Required action >> Where the line containing "That's all. We" appears below, start there and repeat each line exactly to the end. Leave the pictures out.

───── Input data ─────

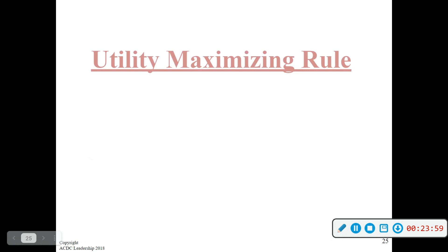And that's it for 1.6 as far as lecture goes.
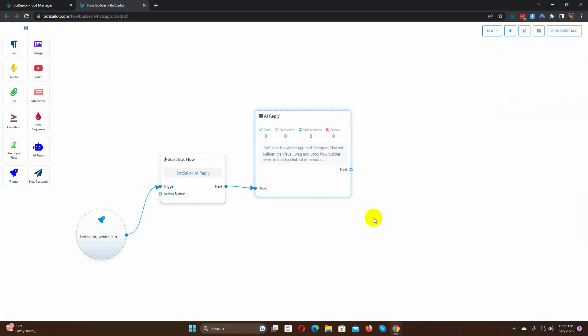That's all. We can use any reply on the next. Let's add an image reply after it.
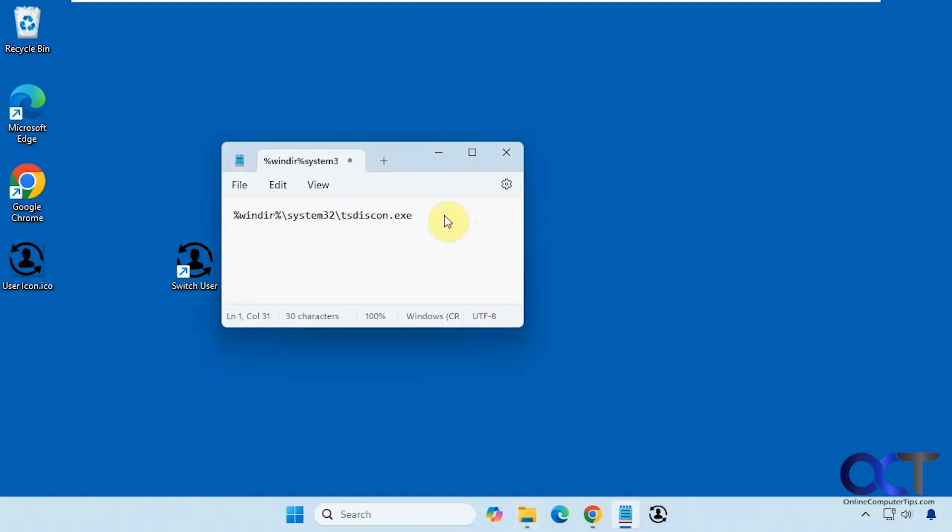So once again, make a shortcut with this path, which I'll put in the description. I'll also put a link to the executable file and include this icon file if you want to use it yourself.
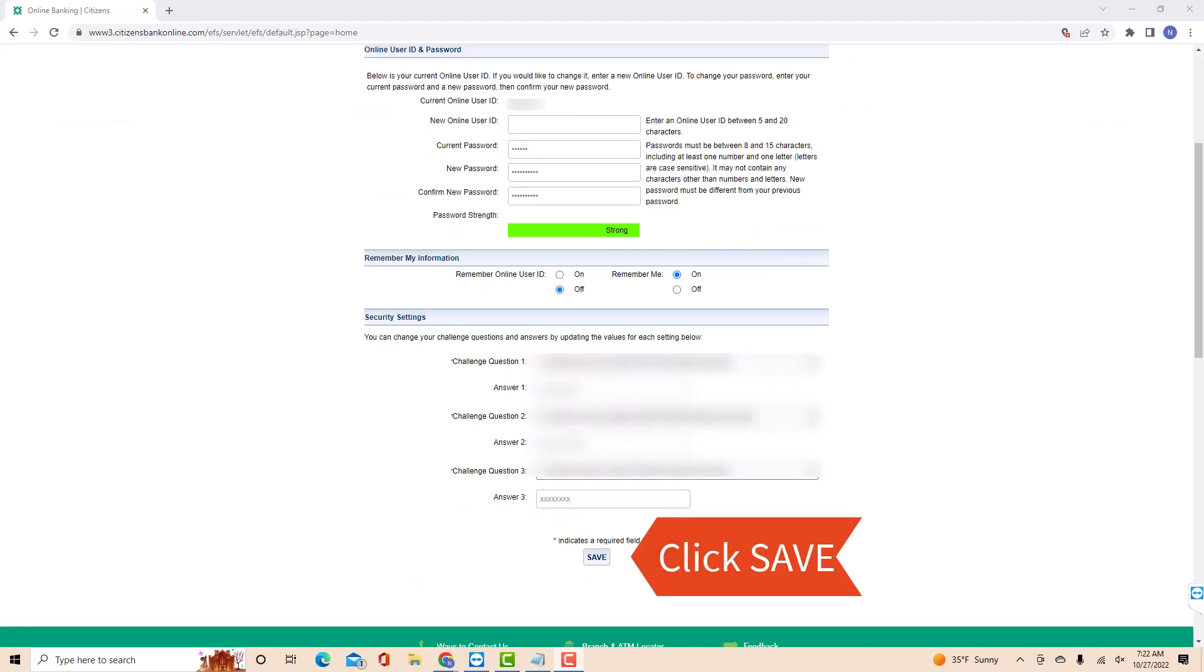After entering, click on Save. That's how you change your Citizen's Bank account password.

─────

Result for this exercise >>
That's all. We can use any reply on the next. Let's add an image reply after it.
So once again, make a shortcut with this path, which I'll put in the description. I'll also put a link to the executable file and include this icon file if you want to use it yourself.
After entering, click on Save. That's how you change your Citizen's Bank account password.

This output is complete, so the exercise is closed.